How to Improve Grip Strength + Exercises

By Emily Aldridge | 2021 Update


People tend to forget that having a strong grip may be important when it comes to sports. When exercising, exercises that can improve grip strength tend to be forgotten. On the other hand, it is actually important to improve your grip strength as it’s not something you should forget, especially in sports. There are some things you can do to improve your grip strength and here are some of them:

  • Train Your Grip Often

By training your grip, you will cause an increase in grip strength, especially if you do grip exercises often.

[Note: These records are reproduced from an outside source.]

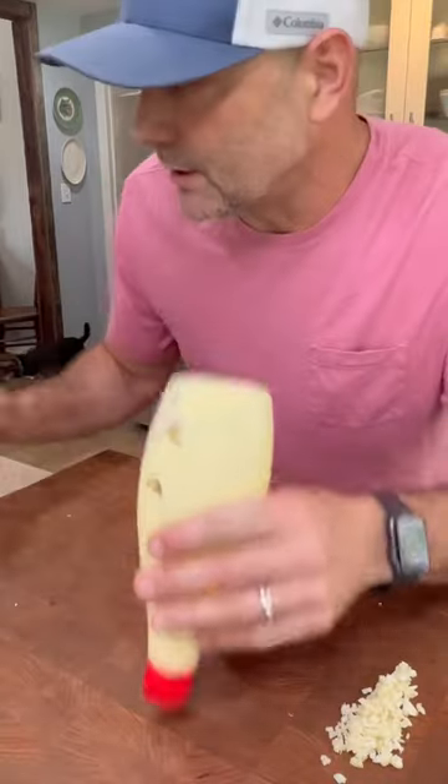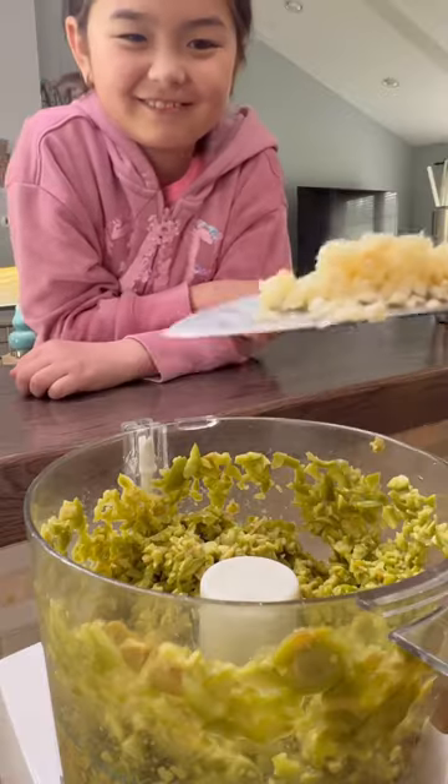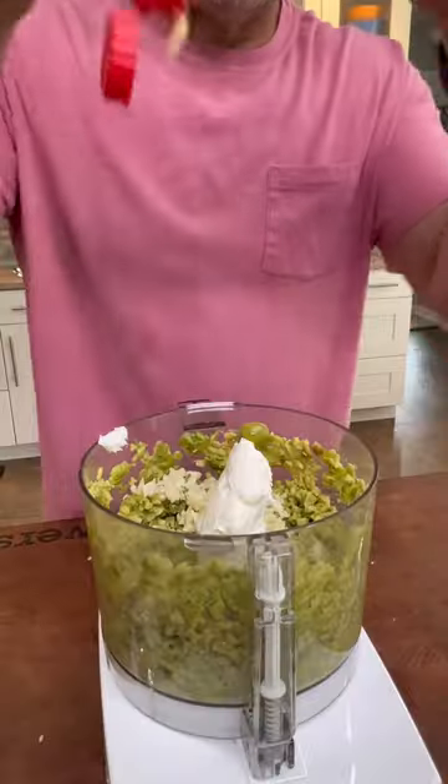Let's add some cream cheese, mayonnaise, and a little black pepper. Pour the olives in the food processor and pulse those. Add in that chopped garlic. Add in the cream cheese. Add in mayonnaise.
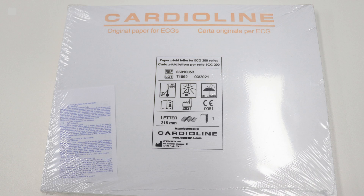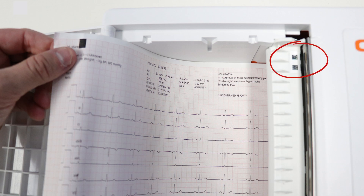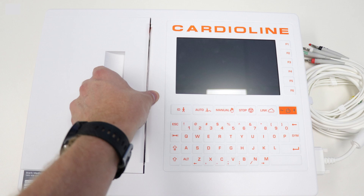Take out your packet of ECG paper, remove the plastic wrap and the top sheet, then load the full packet into the slot. Push it all the way in — the top sheet should have a black mark in the left-hand corner which will match up with the printer sensor. On the right-hand side in the red circle you will see the printer sensor, so the black mark and the printer sensor need to line up. Fold the paper sheet over the black sensor and then close the door.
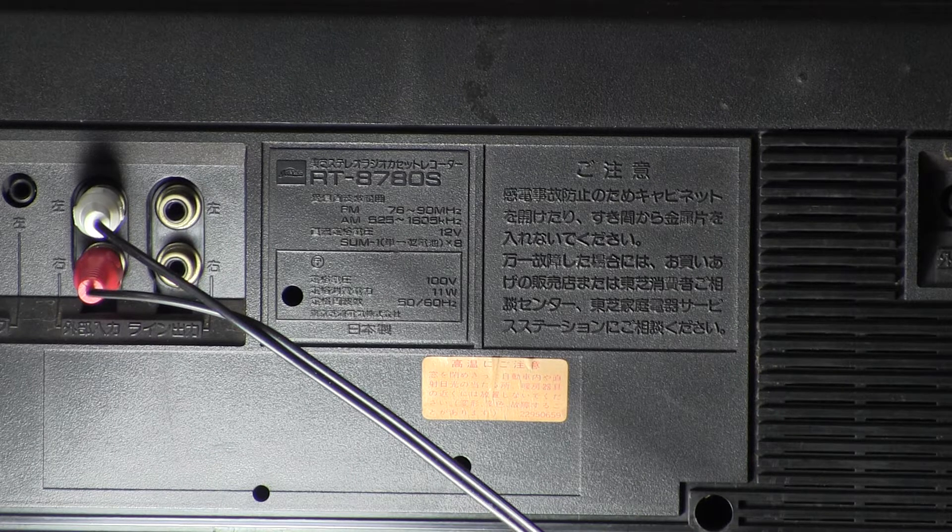Hey, here we are. Welcome to my pre-operational — or before operational — review of this model that you see here.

This is because your grip is something that can and should be trained every day. Whenever you are in a gym, or whenever you are having a sports day, you can always train your grip so that you will have an improved grip strength.

  • Squeeze the Bar

One of the most powerful tools you can use to improve your grip strength is a bar. You can gain a lot of improvements in grip strength if you squeeze the bar with your hands during a set. However, it is advised to avoid letting the bar slide towards your fingers. You should keep it locked in the palm of your hand by wrapping your thumb around the bar to hold it there and squeeze it as hard as possible.

  • Lift Heavy Things

You need to train your grip at the same time as the rest of your body. By incorporating pull-ups, bodyweight rows and heavy deadlifts, you can improve your entire arm instead of your grip only. You can keep adding weight to the rack deadlifts so that you will have a better grip challenge. For bodyweight rows and pull-ups, it is advised to switch grips every few reps. By doing this, you will train your forearms to adapt to various positions.

  • Grip Builders

Another thing you can do is to use grip builders. There are various tools like fat gripz and towels that can be added to your workout to train your wrist. Even though adding weight to the bar would help you to improve, by using these tools, you can improve even more. For example, you can wrap a towel around the bar or handle of any tool to increase the thickness of the handhold.

  • Don’t Encourage Weakness

Did you know that using tools like wrist straps and other things that aid your grip in the gym could make your grip weaker? This is because these tools encourage your body, specifically your wrist, to rely on help. This will make them weaker instead.

  • Grip Exercises

There are a lot of grip exercises you can do to improve your grip as some of them are already mentioned above. However, we are going to discuss some more exercises below:

  • Hex Holds

Hex dumbbell hold is a great way to challenge your open grip. You can purchase this tool to, or maybe just the heads of the hex dumbbells from stores. All you have to do is to hold them for 30 seconds, and a couple of sets would be more than enough.

  • Farmer’s Carries

Farmer’s carries is when you stand up and walk a certain distance for a period of time while holding weights. This is usually done with two kettlebells or dumbbells. This exercise is good because it adds motions to your grip, which means that you will not only improve your grip strength, but also the strength of your hips, shoulders and core muscles.

  • Barbell Holds

Another thing you can do to train your grip is by setting up in a squat rack and set the pins under where you will lock out a deadlift. The goal is to hold the weight, not to lift them up. You can do 3-5 sets to start.

  • Fat Gripz

The next thing is fat gripz. This is one of the best equipment you can use when you want to improve your grip strength. In addition, this tool can be used with any standard dumbbell, pull-up bar or barbell, which can be very convenient. It’s advised to use them periodically, once or twice a month would be enough.

  • Plate Pinches

To exercise your pinch grip, plate pinches is recommended. All you need are two plates. However, you need to make sure that they are flat on one side so that you can pinch them together.

Grip Strength Exercises without Equipment

The exercises mentioned above require equipment or tools, which can be a problem when you do not go to the gym or have them in your house. Fortunately, you can train your grips without using any equipment. For example, you can incorporate some forearm exercises in order to work the whole range of muscles that are connected to your wrist. Exercises like push-ups and chin up are really great with this. You can also lift heavy weights that can be found in your daily life and just hold it while walking, which is similar with farmer’s carries, only without any equipment needed.